Top of Task material

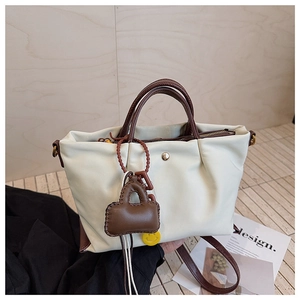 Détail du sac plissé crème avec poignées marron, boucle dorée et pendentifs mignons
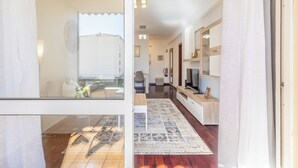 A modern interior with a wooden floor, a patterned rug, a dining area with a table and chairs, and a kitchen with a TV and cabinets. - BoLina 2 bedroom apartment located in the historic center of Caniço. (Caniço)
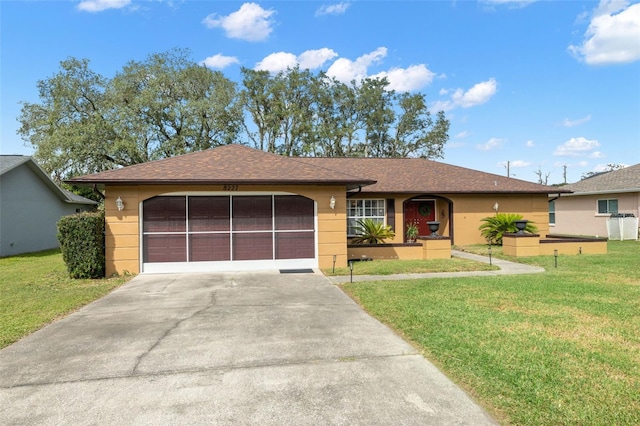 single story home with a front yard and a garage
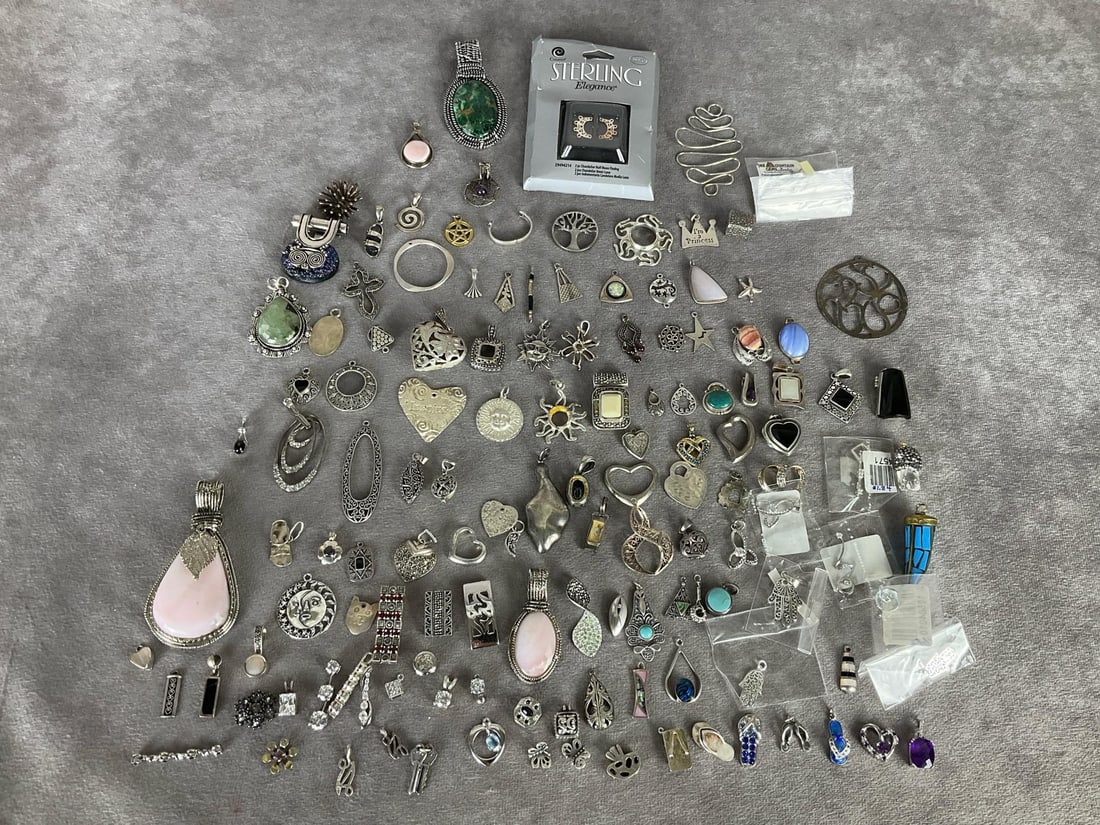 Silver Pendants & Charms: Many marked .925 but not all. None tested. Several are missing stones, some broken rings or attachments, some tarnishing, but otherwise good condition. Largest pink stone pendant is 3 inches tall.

Bottom of Task material
Top of Task material

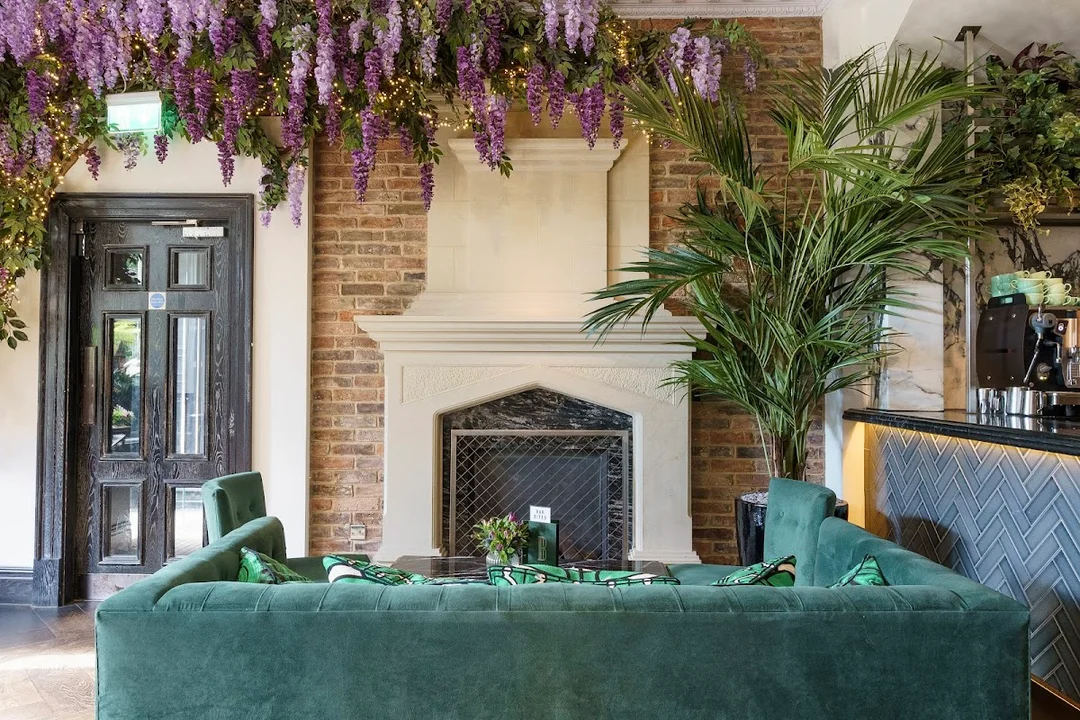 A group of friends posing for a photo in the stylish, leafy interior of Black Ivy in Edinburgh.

Bottom of Task material
Top of Task material

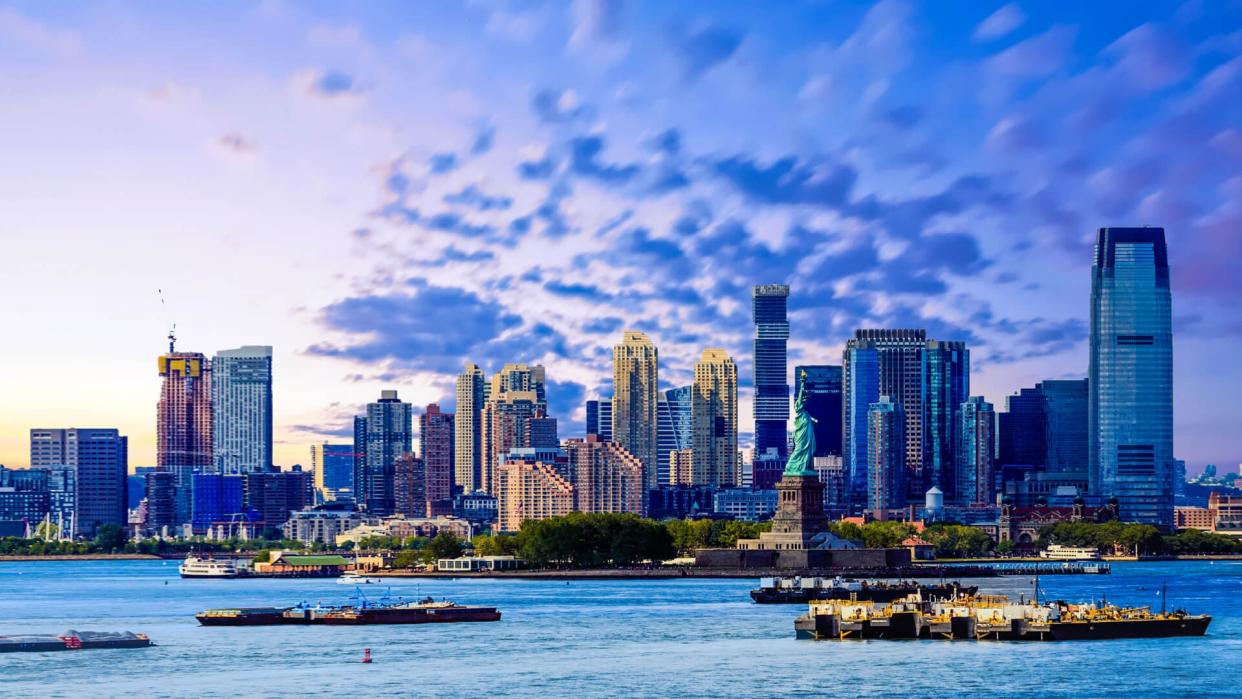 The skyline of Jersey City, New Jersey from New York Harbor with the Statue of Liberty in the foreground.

Bottom of Task material

Find the line with "A modern interior" in the entries above. Set down exactly every line from it up to and including the line with "Silver Pendants &", images excluded.

-- Answer section --
 A modern interior with a wooden floor, a patterned rug, a dining area with a table and chairs, and a kitchen with a TV and cabinets. - BoLina 2 bedroom apartment located in the historic center of Caniço. (Caniço)
 single story home with a front yard and a garage
 Silver Pendants & Charms: Many marked .925 but not all. None tested. Several are missing stones, some broken rings or attachments, some tarnishing, but otherwise good condition. Largest pink stone pendant is 3 inches tall.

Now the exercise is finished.